FBE se souvient de l’entretien suivant entre le secrétaire général de l’Elysée et l’ambassadeur d’Italie comme l’un des plus beaux exercices de patinage artistique diplomatique auquel il ait jamais assisté.

Béatrice Giblin :
La situation de géopolitique interne de l’Italie est à prendre en compte, et fait que ces escarmouches avec la France dureront jusqu’aux Européennes. Di Maio a besoin d’exister par rapport à Salvini, d’où son incursion en France. Salvini a d’ailleurs aussitôt réagi pour calmer l’affaire immédiatement.

Remarque d’une spectatrice à propos de la loi anti-casseurs :
Sur la séparation des pouvoirs. La tournure qu’a pris le débat à ce sujet était surprenante. Dans une démocratie, le pouvoir exécutif et judiciaire doivent être séparés. Le fait même qu’on s’interroge à ce sujet est incompréhensible. La question de l’efficacité et de l’utilité ont été évoquées, mais quand bien même cette loi serait efficace, elle ne serait pas légitime pour autant.

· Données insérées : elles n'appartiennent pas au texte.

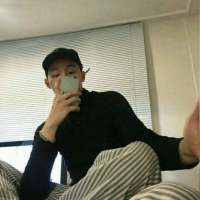 “我没什么能让你快乐可我从来没想过让你难... 嗟余只影系人间，如何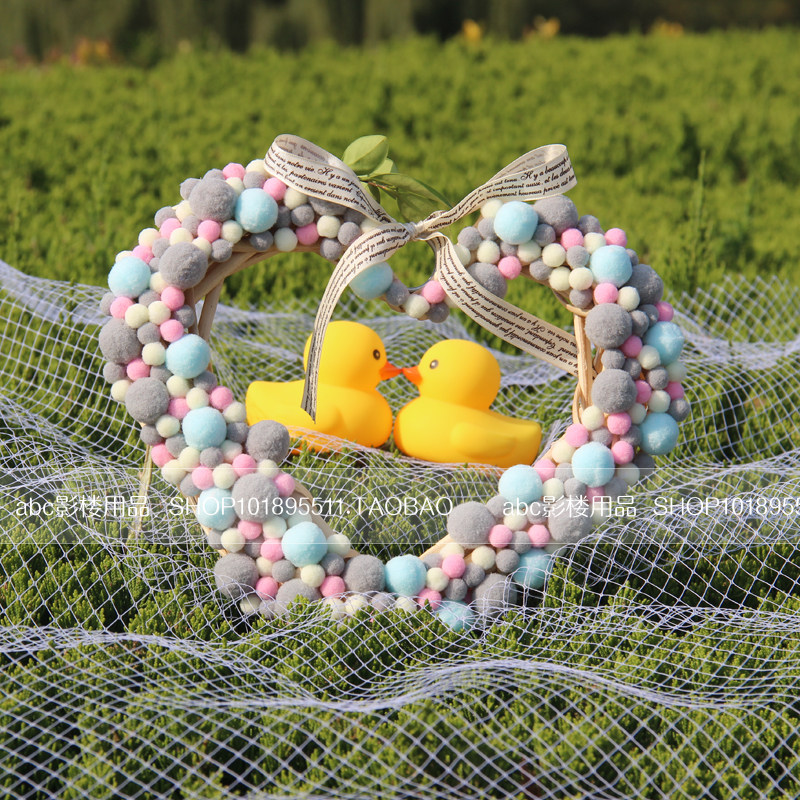 速发创意新款婚纱摄影小旅具韩式影楼外景道拍主题样照道具爱心形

Philippe Meyer répond à cette remarque qu’il ne s’agissait pas de remettre en cause la séparation des pouvoirs, mais de savoir dans quelle mesure les propositions contenues dans ce projet de loi mettaient à mal la dite séparation.

Marc-Olivier Padis :
MOP souhaitait précisément en faire un point de son argumentation. C’est le rôle du juge judiciaire de porter un jugement sur des actions commises ; mais d’un autre côté, les Préfets ont aussi une responsabilité par rapport à la tranquillité de la vie publique. Cette responsabilité consiste à prendre des mesure par avance, permettant aux une de manifester, et aux autres de ne pas subir de dommages pendant les manifestations. Que le Préfet soit chargé de donner un avis est donc choquant. Ce devrait au minimum être la tâche du juge administratif.

Lucile Schmid :
Il y a aussi un déni de responsabilités dans cette affaire. Un certain nombre de personnes attend que cet article 2 soit déféré au Conseil Constitutionnel, c’est à dire quand ce projet de loi en sera à sa phase finale. C’est extrêmement dommage qu’il n’y ait ni au gouvernement, ni à LREM des voix pour dire que cet article est contraire à la séparation des pouvoirs. Cela ne fait que confirmer le phénomène majoritaire : les députés sont aujourd’hui entièrement dépendants du Président de la République. La concentration des pouvoirs engendrée par la coincidence du calendrier des élections fait que plus personne n’ose dire ce qu’il pense in petto. Ça c’est un vrai problème. Il faudrait se poser la question d’un autre calendrier électif pour que l’Assemblée Nationale retrouve son indépendance vis-à-vis du Président.